My original version of a solution was to move the UN to Jerusalem. I still stand behind that one, although I have no earthly concept of how it would be implemented. It would cost millions, obviously, but would put a barrier between the cultures and give them both something to hate. My children would point out that it would remind them of meetings that I'd hold when they became unruly fighting with each other. Under the boring repression of a meeting they would be come united, quickly, and make a deal so that they could go back to their free life of irresponsible play. Nothing like boring process to make you appreciate the value of working together to both get what you want.

What Palestinians want is their own state, not strangled or politically controlled from teh outside. At this point they will be lucky to come out of this with any state at all, but a West Bank full of Gaza refugees will still need a diplomatic solution that the whole world can live with somehow. The sooner the better.

Friday, October 06, 2023

weblog museum

A threat by Google has spurred me to action. Briefly, they have warned me that weblog accounts not logged into will eventually be deleted. Fair enough. I sat on that warning for a few months but cannot sit on it any longer.

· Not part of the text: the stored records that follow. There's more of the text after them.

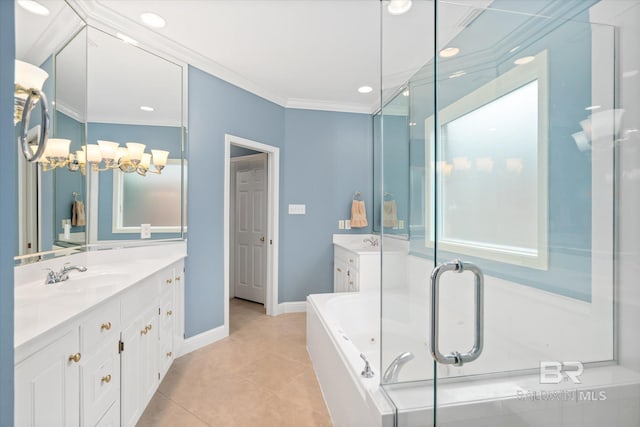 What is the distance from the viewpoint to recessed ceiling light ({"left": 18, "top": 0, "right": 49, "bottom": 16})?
5.05ft

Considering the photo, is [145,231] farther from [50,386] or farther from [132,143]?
[50,386]

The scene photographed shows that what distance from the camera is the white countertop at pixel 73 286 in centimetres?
105

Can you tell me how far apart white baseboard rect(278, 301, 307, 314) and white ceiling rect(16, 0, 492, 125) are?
241 centimetres

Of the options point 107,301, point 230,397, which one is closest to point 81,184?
point 107,301

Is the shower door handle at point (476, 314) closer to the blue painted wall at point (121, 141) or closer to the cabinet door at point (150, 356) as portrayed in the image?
the cabinet door at point (150, 356)

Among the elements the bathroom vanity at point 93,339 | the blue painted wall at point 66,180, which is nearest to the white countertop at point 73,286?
the bathroom vanity at point 93,339

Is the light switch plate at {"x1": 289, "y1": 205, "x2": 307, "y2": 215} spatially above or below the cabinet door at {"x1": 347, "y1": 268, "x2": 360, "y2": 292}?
above

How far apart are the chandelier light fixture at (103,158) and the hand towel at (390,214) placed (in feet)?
5.91

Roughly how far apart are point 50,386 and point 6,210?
721 mm

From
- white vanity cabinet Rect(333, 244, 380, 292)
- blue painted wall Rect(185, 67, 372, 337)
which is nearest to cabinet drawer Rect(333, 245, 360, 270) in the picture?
white vanity cabinet Rect(333, 244, 380, 292)

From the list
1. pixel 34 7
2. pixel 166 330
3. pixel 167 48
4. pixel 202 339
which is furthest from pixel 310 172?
pixel 34 7

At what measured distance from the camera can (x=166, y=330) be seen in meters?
2.21

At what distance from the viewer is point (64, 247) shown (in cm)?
188

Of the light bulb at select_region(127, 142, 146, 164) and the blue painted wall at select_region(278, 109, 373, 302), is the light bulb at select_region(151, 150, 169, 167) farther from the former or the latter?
the blue painted wall at select_region(278, 109, 373, 302) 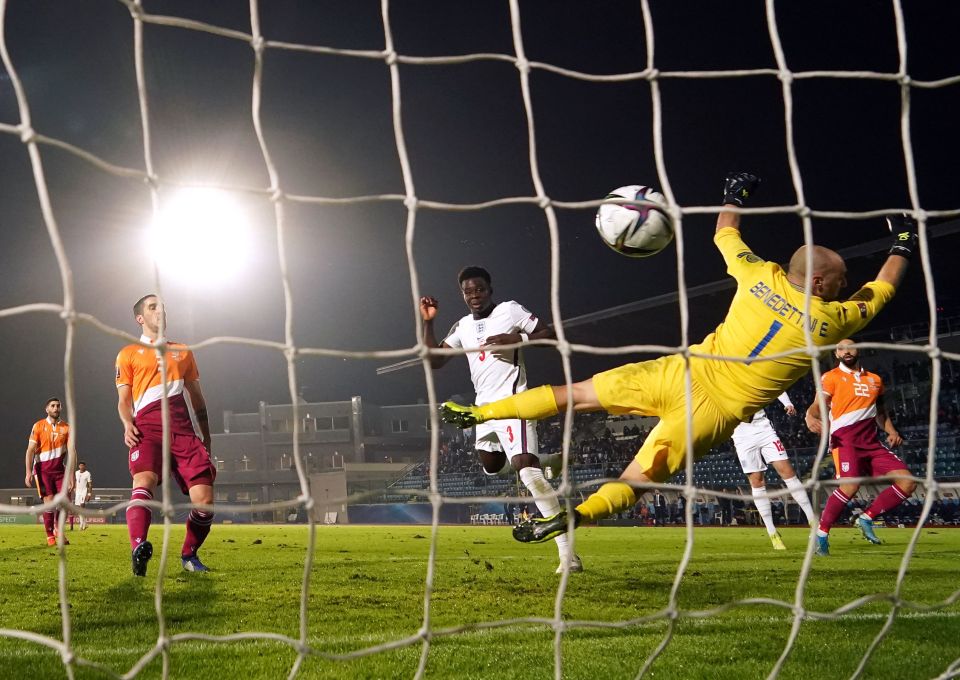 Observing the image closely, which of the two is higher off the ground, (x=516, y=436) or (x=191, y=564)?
(x=516, y=436)

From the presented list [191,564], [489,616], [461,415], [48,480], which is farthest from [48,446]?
[461,415]

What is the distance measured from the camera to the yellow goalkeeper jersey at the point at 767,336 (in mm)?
3516

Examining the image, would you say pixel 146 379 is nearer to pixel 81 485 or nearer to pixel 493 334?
pixel 493 334

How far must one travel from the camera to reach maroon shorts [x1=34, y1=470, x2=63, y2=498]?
412 inches

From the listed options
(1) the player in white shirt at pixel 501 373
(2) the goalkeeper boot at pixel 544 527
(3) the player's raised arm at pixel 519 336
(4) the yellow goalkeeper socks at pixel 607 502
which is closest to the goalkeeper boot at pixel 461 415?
(2) the goalkeeper boot at pixel 544 527

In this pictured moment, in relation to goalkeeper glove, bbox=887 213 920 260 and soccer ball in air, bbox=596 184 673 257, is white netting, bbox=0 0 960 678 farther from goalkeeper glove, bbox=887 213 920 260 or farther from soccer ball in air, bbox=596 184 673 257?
soccer ball in air, bbox=596 184 673 257

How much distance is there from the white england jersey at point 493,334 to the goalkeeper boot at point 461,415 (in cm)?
249

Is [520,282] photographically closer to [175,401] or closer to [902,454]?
[902,454]

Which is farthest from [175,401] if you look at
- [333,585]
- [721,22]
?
[721,22]

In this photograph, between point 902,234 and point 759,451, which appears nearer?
point 902,234

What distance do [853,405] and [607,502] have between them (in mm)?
5436

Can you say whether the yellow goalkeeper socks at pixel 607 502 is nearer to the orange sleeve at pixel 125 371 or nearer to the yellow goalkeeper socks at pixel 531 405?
the yellow goalkeeper socks at pixel 531 405

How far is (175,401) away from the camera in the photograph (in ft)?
18.5

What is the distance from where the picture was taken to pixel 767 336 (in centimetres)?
354
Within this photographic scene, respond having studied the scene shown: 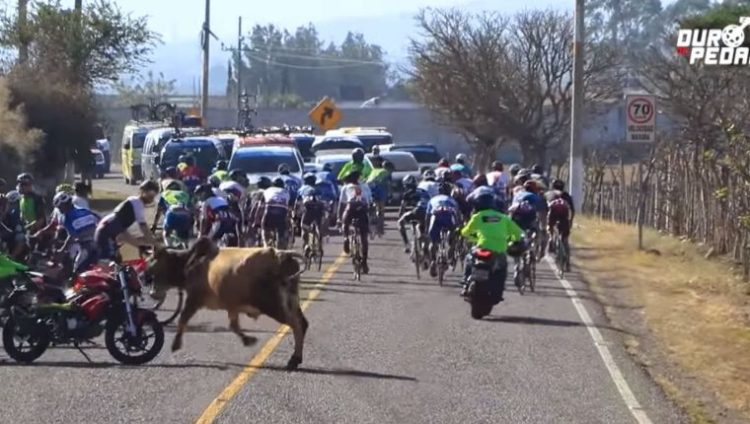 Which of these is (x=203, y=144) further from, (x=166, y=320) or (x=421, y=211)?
(x=166, y=320)

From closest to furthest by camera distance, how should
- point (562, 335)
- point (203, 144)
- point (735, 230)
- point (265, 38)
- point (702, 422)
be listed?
point (702, 422), point (562, 335), point (735, 230), point (203, 144), point (265, 38)

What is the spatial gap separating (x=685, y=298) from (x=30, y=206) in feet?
33.3

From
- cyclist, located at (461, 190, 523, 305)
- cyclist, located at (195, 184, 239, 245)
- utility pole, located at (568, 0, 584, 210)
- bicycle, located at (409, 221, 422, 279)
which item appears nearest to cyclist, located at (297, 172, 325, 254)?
bicycle, located at (409, 221, 422, 279)

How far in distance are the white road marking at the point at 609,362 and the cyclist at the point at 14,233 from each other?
793cm

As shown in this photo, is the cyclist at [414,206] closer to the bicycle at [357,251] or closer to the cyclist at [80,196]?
the bicycle at [357,251]

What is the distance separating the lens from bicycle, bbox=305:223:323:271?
27.2 meters

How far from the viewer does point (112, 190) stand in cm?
5903

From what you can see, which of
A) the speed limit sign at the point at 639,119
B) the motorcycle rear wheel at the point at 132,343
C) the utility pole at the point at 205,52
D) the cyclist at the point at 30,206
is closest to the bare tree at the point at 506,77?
the utility pole at the point at 205,52

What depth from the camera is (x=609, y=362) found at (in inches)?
692

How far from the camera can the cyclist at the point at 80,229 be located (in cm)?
2041

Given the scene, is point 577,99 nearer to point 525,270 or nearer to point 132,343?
point 525,270

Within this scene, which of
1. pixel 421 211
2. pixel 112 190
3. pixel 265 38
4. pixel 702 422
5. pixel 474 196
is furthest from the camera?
pixel 265 38

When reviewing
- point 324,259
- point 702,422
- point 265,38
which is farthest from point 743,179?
point 265,38

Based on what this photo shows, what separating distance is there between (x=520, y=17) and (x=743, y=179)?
109ft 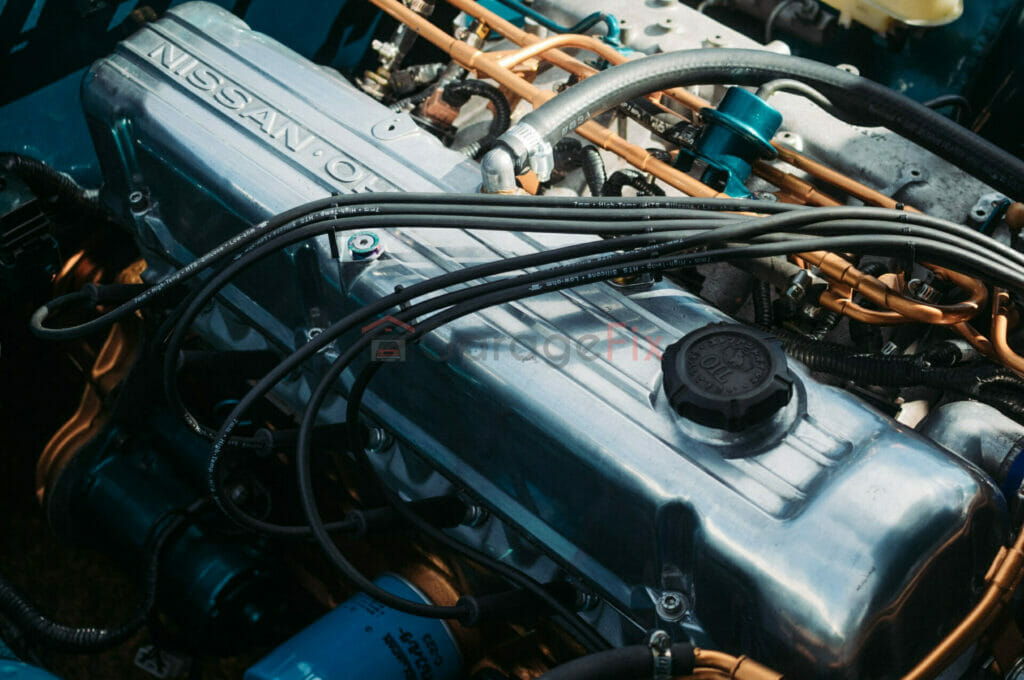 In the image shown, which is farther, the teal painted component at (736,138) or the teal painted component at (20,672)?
the teal painted component at (736,138)

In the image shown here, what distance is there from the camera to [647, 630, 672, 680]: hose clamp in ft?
3.22

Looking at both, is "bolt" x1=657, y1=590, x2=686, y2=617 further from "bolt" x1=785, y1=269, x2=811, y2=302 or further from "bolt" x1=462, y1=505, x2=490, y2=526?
"bolt" x1=785, y1=269, x2=811, y2=302

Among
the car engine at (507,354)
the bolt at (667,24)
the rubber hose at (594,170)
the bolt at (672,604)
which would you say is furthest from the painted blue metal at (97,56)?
the bolt at (672,604)

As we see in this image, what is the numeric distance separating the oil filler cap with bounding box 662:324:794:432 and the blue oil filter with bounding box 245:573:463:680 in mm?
483

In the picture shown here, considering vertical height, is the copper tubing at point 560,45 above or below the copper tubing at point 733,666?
above

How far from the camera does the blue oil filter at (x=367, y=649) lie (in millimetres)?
1203

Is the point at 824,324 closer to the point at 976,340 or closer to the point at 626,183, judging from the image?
the point at 976,340

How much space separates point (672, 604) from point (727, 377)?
28cm

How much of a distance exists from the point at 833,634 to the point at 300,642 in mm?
686

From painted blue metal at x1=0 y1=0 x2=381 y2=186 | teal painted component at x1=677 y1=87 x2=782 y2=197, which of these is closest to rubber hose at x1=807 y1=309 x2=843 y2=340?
teal painted component at x1=677 y1=87 x2=782 y2=197

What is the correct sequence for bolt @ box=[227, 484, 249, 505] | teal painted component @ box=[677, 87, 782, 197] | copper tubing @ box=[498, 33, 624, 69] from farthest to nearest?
copper tubing @ box=[498, 33, 624, 69]
bolt @ box=[227, 484, 249, 505]
teal painted component @ box=[677, 87, 782, 197]

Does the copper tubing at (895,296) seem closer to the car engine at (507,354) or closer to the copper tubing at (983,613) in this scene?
the car engine at (507,354)

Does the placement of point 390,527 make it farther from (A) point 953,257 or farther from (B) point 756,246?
(A) point 953,257

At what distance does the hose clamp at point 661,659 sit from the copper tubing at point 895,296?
0.56 metres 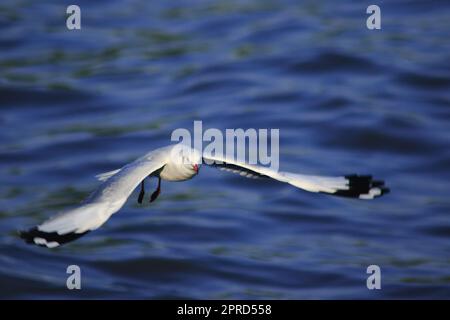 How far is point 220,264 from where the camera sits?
11.2 metres

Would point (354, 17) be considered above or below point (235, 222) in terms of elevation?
above

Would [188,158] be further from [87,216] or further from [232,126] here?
[232,126]

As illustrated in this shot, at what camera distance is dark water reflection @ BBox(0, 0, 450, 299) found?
11.2 m

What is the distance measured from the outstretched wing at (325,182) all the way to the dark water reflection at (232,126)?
128 inches

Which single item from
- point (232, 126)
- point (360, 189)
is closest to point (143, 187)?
point (360, 189)

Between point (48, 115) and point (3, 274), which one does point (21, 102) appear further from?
point (3, 274)

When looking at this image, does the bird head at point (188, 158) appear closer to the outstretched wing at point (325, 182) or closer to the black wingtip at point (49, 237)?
the outstretched wing at point (325, 182)

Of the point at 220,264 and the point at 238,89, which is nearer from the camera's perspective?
the point at 220,264

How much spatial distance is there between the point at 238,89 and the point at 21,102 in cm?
285

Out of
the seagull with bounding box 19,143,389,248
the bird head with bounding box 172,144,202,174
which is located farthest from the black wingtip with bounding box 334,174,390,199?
the bird head with bounding box 172,144,202,174

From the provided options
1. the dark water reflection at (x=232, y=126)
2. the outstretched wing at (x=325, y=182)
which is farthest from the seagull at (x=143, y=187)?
the dark water reflection at (x=232, y=126) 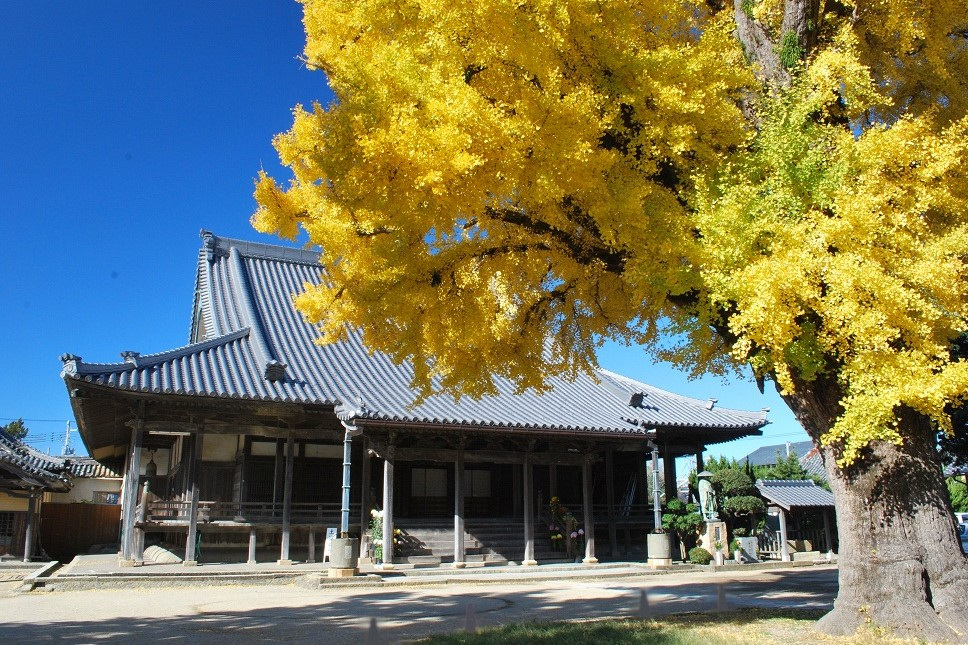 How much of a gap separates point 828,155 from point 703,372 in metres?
2.79

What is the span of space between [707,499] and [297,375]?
1161 centimetres

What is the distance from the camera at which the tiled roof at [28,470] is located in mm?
18906

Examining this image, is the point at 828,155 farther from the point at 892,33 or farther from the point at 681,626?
the point at 681,626

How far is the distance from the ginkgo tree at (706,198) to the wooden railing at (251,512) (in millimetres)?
10386

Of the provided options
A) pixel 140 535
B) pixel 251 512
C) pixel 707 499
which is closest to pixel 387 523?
pixel 251 512

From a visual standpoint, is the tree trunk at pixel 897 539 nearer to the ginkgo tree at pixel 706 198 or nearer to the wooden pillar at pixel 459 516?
the ginkgo tree at pixel 706 198

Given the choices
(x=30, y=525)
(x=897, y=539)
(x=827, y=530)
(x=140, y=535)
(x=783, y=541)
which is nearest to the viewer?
(x=897, y=539)

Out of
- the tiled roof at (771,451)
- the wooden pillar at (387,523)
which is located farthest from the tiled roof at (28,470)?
the tiled roof at (771,451)

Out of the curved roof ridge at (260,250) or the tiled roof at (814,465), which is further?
the tiled roof at (814,465)

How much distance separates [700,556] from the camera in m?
18.2

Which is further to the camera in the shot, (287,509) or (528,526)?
(528,526)

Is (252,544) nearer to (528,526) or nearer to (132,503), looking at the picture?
(132,503)

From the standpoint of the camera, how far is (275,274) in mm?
24453

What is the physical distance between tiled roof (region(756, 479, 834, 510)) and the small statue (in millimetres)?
3510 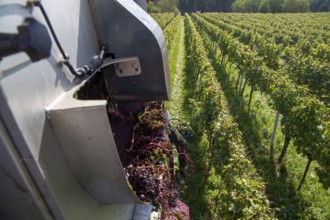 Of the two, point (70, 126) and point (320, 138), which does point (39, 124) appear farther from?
point (320, 138)

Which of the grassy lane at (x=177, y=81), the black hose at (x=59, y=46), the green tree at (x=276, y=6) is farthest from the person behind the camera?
the green tree at (x=276, y=6)

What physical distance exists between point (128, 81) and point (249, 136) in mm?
6714

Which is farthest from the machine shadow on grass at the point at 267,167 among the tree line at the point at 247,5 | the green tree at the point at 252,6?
the green tree at the point at 252,6

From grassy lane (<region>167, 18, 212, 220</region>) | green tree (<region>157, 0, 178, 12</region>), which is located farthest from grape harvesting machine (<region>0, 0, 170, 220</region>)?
green tree (<region>157, 0, 178, 12</region>)

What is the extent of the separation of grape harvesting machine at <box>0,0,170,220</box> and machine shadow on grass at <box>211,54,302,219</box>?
3350 millimetres

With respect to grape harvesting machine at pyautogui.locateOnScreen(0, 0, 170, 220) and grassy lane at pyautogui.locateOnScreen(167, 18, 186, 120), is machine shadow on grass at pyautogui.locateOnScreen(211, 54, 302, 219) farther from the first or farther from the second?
grape harvesting machine at pyautogui.locateOnScreen(0, 0, 170, 220)

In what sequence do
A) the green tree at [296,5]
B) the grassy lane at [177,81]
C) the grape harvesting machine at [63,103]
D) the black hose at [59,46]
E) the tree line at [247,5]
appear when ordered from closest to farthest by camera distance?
the grape harvesting machine at [63,103] < the black hose at [59,46] < the grassy lane at [177,81] < the green tree at [296,5] < the tree line at [247,5]

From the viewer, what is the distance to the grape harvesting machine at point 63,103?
0.92 meters

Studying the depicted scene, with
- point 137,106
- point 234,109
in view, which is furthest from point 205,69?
point 137,106

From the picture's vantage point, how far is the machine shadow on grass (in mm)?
5698

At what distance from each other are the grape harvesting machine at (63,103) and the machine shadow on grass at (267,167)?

I set up a lot of accounts. Often, I would set up a new email and set of weblogs for every new teaching assignment I had. Why not? It wasn't especially lying to have weblogs on their own accounts, since often I was teaching students how to log onto them and post things themselves. Sometimes of course students would mistakes and start their own weblog when they were trying to post on one. Or, rename the entire system with their own name (this apparently happened to the CESL student account, after I was no longer in charge).

The idea would be to gather as many of these accounts as I can find, and preserve them in such a way that they can be enjoyed and consumed as part of a larger display of weblogs being used in education. There are a few that were used for other purposes and of course, I may want to preserve those as well but possibly in another venue. The ones used for education alone - most for ESL students communicating to each other and about ideas that they've found in the U.S. - are extensive; there are many, used in a wide variety of ways. And I haven't really even found half of them.

I'm on my way, though. If you look at the big picture there are several things to keep in mind: 1) weblogs offer a unique, public way of presenting information; 2) they were extremely useful in teaching ESL in that they were like a public forum yet not heavily trafficked; in other words, students could feel like they were putting themselves out in the public square, yet not get the damage that a true public square would do; and 3) we are really talking about the early days of weblogs, when they first arrived on the scene and were being used for all kinds of purposes. This kind of "early days" era capture is, as in the case of automobiles and all kinds of other things, fascinating to people who study such things, and fascinating in its own right just because it was early. People will look back and wonder what the early days of linking, posting, writing, etc. was like. Weblogs themselves may fade into oblivion or get cornered into a unique slice of the public communications picture. But if they survive their early history will always be of interest.